Body of Lies is a dramatic thriller set mostly in the Middle East and is based on Washington Post columnist David Ignatius’ 2007 novel about a CIA operative. Leonardo Dicaprio plays Roger Ferris the agent who uncovers a lead concerning a major terrorist leader suspected to be operating out of Jordan. When Ferris devises a plan to infiltrate his network, he must first win the backing of cunning CIA veteran Ed Hoffman ( Russell Crowe) and the head of Jordanian intelligence. As the story unfolds and the stakes get higher, Ferris begins to question how far he can really trust these men without putting his entire operation and his life in jeopardy.
Crowe is the armchair general running the operation and plotting the strategy by cell phone, headset and laptop while baby-sitting his kids in the states.
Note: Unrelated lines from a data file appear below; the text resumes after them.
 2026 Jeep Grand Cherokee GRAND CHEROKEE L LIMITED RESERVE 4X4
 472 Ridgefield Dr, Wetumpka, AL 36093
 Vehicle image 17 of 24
Despite their shared goals and mutual dependence, Ferris and Hoffman often end up miscommunicating and undermining each other. This becomes especially true when Ferris unites with the smooth Jordanian intelligence chief Hani ( Mark Strong, who looks like a doppelganger for Andy Garcia), a man who holds Hoffman in disdain and has been reluctant to aid in the CIA’s efforts. Hani is impeccably dressed and respectful, but that classy demeanor only makes his dark side more frightening.
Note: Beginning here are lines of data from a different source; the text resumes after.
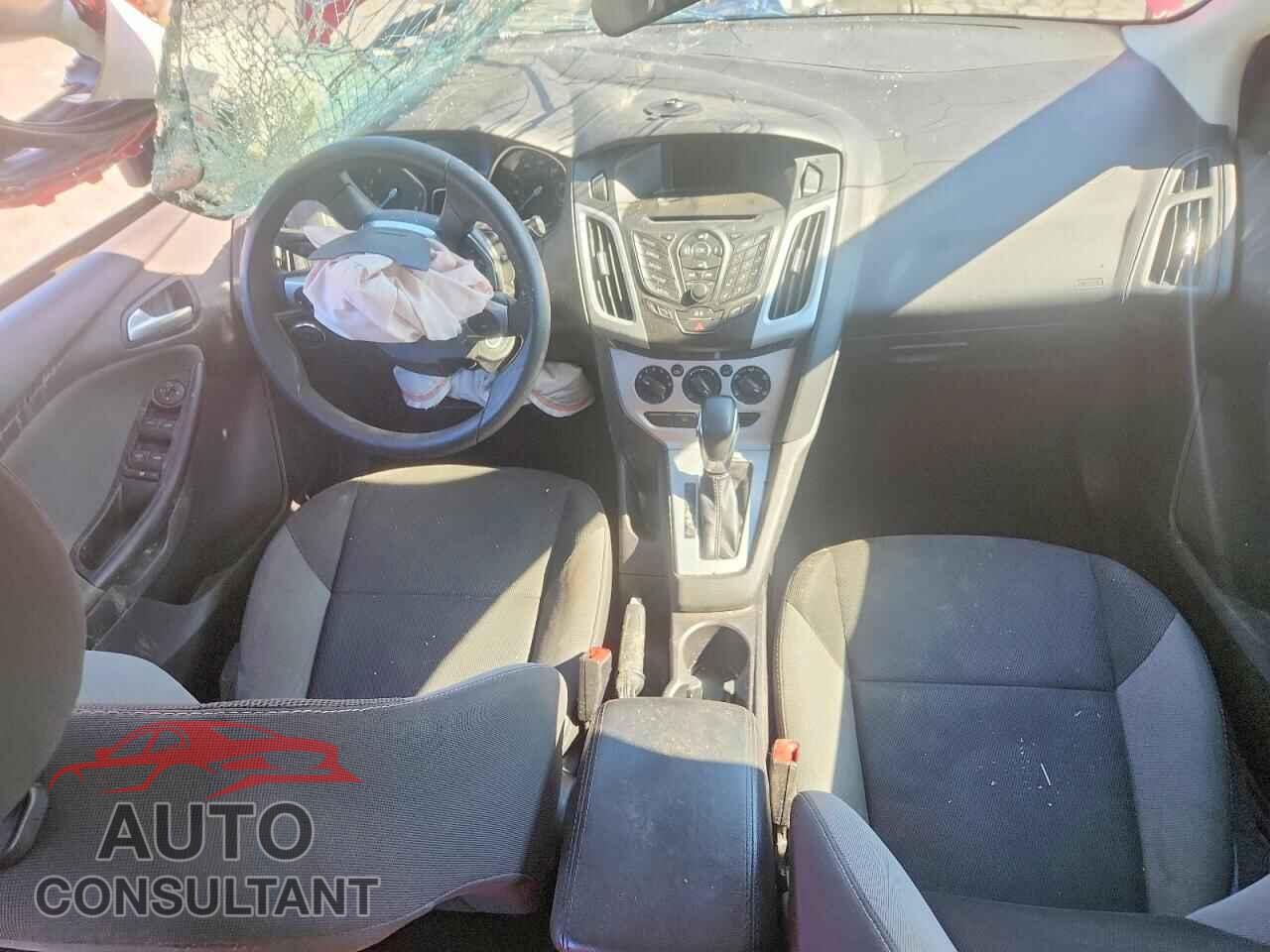 FORD FOCUS 2014 - 1FADP3F21EL222033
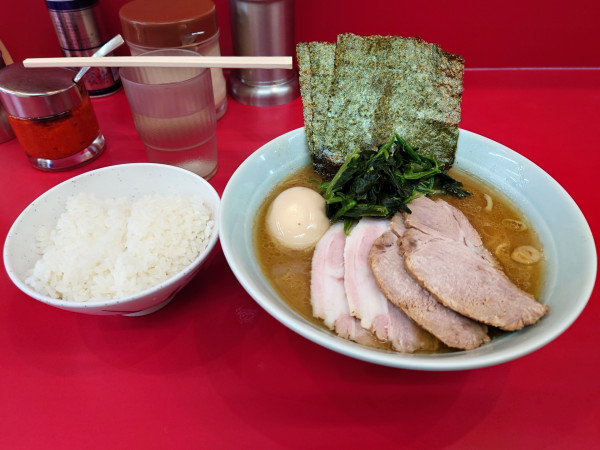 「AREA51  ライス✖️4  硬め  多め」@横浜ラーメン 武蔵家 大井町店の写真
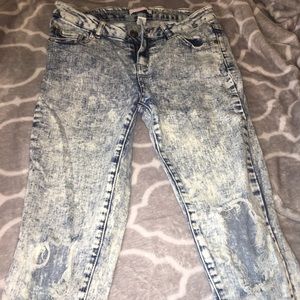 ripped acid washed jeans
As if to ease the tension of Dicaprio’s predicament, the story has him falling in love with an Iranian nurse ( Golshifteh Farahani) when he is wounded in Amman. It’s obvious the relationship is a device meant to reveal whatever glimmers of humanity Ferris may have left in this deadly world, but it feels contrived. It’s also a way to introduce a female figure, but her presence seems like something out of an old-fashioned war movie. Right from the start, you know that somehow she will get caught up in the danger or be used as a pawn to get to Dicaprio.
There is great chemistry between Dicaprio and Crowe although they are rarely on screen together. It’s reassuring to know that Dicaprio and Crowe are hot on the trail of El Qaeda mastermind, Al-Saleem and devises a plan to nab the terrorist, after all other measures fail. Why didn’t we think of this before to get Osama Bin Laden? This is Dicaprio’s and Crowes first film together since they co-starred together in the Sam Raimi western The Quick and the Dead in which Dicaprio was still wet-behind-the-ears and Crowe had not yet been introduced to the American audience. They both have come a long way.
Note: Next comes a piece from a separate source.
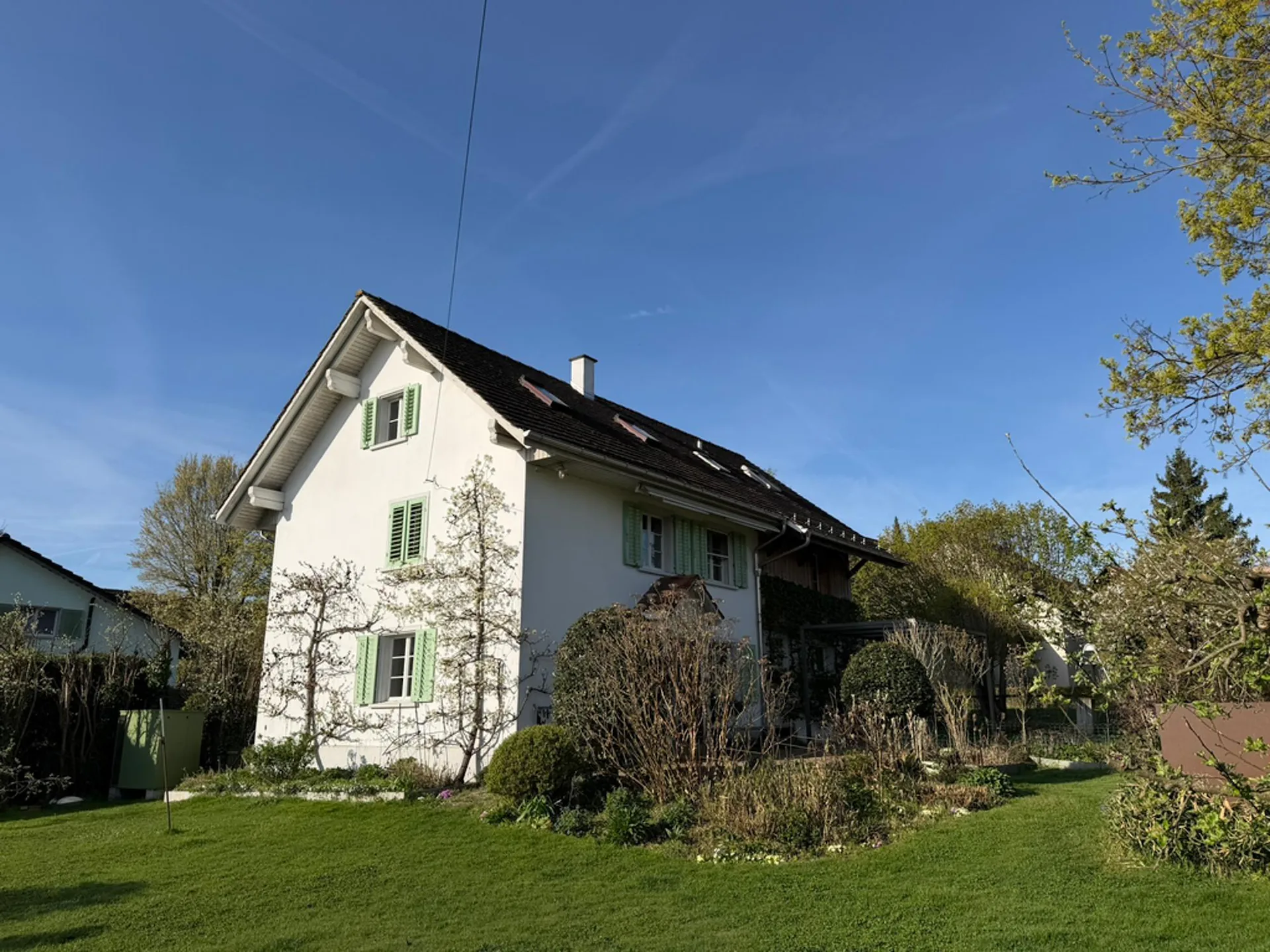Casa unifamiliare di 7 camere con grande giardino e box auto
Director Ridley Scott keeps the action and the story moving with an excellent script penned by scribe William Monahan who won an Academy Award for The Departed. War and battle are all too familiar territory to Scott who seems to thrive on bloody, confrontational films. American Gangster, Black Hawk Down, Gladiator, the list goes on. Scott seamlessly blends footage shot by overhead drones with sequences from the cramped streets below. Yet the result, with its many explosions and shootouts, too often feels like a generic action picture. It’s as if Scott felt they needed to make the material palatable to the widest possible audience.
With the current controversy over whether or not the US should continue to be involved in the war, Body of Lies hits a nerve with it’s cloak and dagger fictionalized story. All that being said, I thoroughly enjoyed it and would recommend it, (unlike some of the Middle Eastern themed war films being made and released recently.
Body of Lies is rated R for strong violence including torture and language.